The Martha's Vineyard Land Bank, the Felix Neck Wildlife Trust and the Massachusetts Audubon Society closed on a land purchase last week that will protect the last key piece of undeveloped land at Felix Neck.

The three-way purchase marks the end of a successful capital campaign by the Felix Neck Trust and Mass Audubon and also 15 years of up-and-down negotiations to buy the 34-acre property, which runs along the entire length of the entrance road to the sanctuary on the eastern side. The property was the last piece of the estate of the late George Moffett, a Vineyard naturalist who 33 years ago made a gift of the land that became Felix Neck.

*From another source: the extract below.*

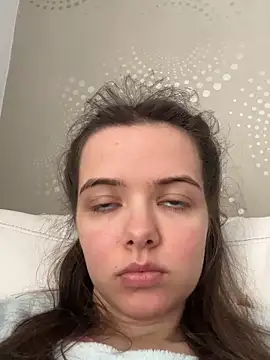 Snapshot of AForbiddenFlower chatting on 13, 4, 2026 AForbiddenFlower online show from 13, 4, 2026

"The great peninsula of Felix Neck is now preserved in its entirety - it is done," said Augustus Ben David 3rd, the longtime executive director of Felix Neck.

One of the oldest wildlife sanctuaries on the Vineyard, Felix Neck is named for the last Native American who lived on the neck of land that fronts Sengekontacket Pond. Founded with a clear mission of environmental education for children, the sanctuary now embraces about 350 acres running from the Edgartown-Vineyard Haven Road to the pond.

Total purchase price of the 34 acres was $2.55 million, including $500,000 from donations. The Edgartown conservation commission donated $300,000 toward the purchase with a gift of money that came from the Sheriff's Meadow Foundation, and $200,000 came from private donations raised between July and December of last year. "We did this with less than a dozen donors and 90 per cent of it with three donors," Mr. Ben David said.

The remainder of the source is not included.